In part 1 we looked at the overall flow of the optimizer.
In this post we will examine the different types of logical trees, and the types of operators you see inside them.
Logical Trees
Tree Types
Operator Types
Remember This
Logical trees are composed of operators, each of which may have child operators, producing a cascading plan. Conceptually, the structure is similar to a query plan you will see in Management Studio. There are however some key characteristics to note.
Unlike physical operators in a query plan, logical operators never execute. Their sole purpose is to describe an operation that logically exists at a given step. For example, a join will be shown in it's logical form (inner, outer, full, semi, anti-semi) with no consideration as to whether it should be a hash join, merge join, nested loop or apply. Similarly, getting table data is described with no determination of how the table should be accessed, e.g. with a seek or scan, or whether a heap or specific index will be used as the source of the data.
Terminology is different than SQL - Relational rather SQL terminology is used. Get used to the idea that selection means determining which rows to return - aka filtering. Projection means defining which columns to return - akin the behaviour of SQL SELECT.
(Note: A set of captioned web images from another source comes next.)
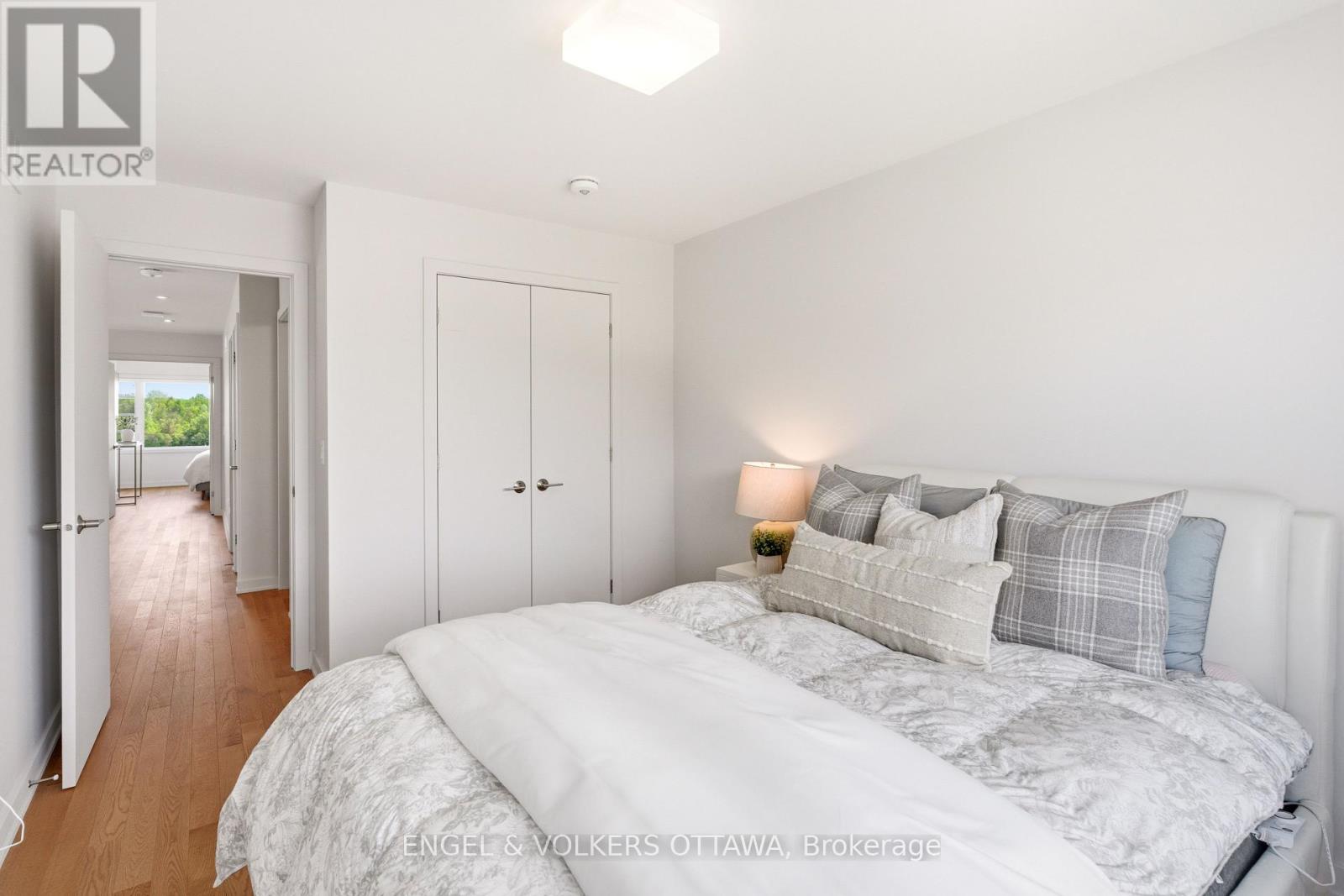 256 SHUTTLEWORTH DRIVE - 31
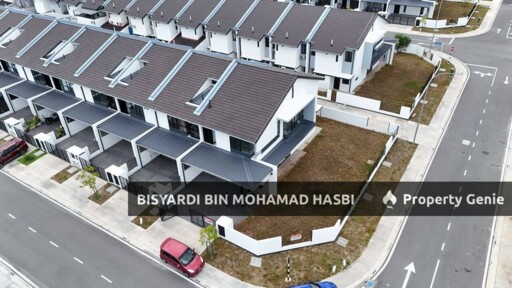 Corner Lot 2 Storey Terrace Nadira 2 Bandar Bukit Raja, Klang.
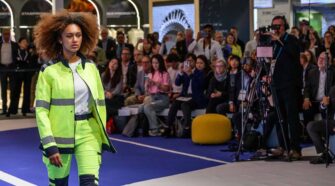Live “Performance Apparels on Stage” catwalk presentations took place several times daily.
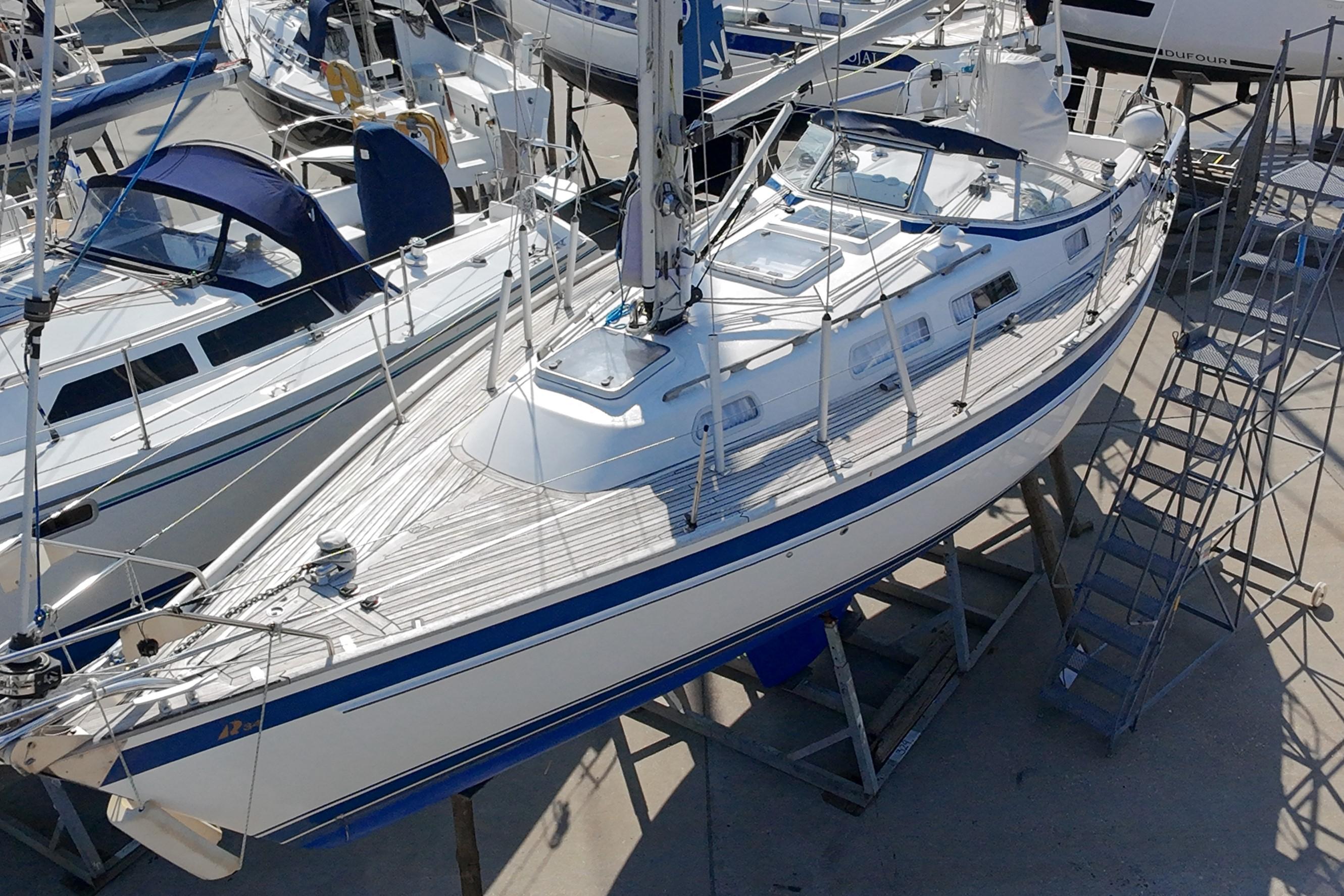 2001 Hallberg-Rassy 34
Logical operators describe the intrinsic functionality expressed in T-SQL code. This is not necessarily a direct translation. When we look at logical trees, we will see cases where the same logical operators are used for seemingly different SQL functions or constructs. For example, there is no logical left string operator - it can be adequately described using the more multi-purpose substring. Conversely, logical (and physical) operators can describe a null equality test - which is not explicitly available in T-SQL.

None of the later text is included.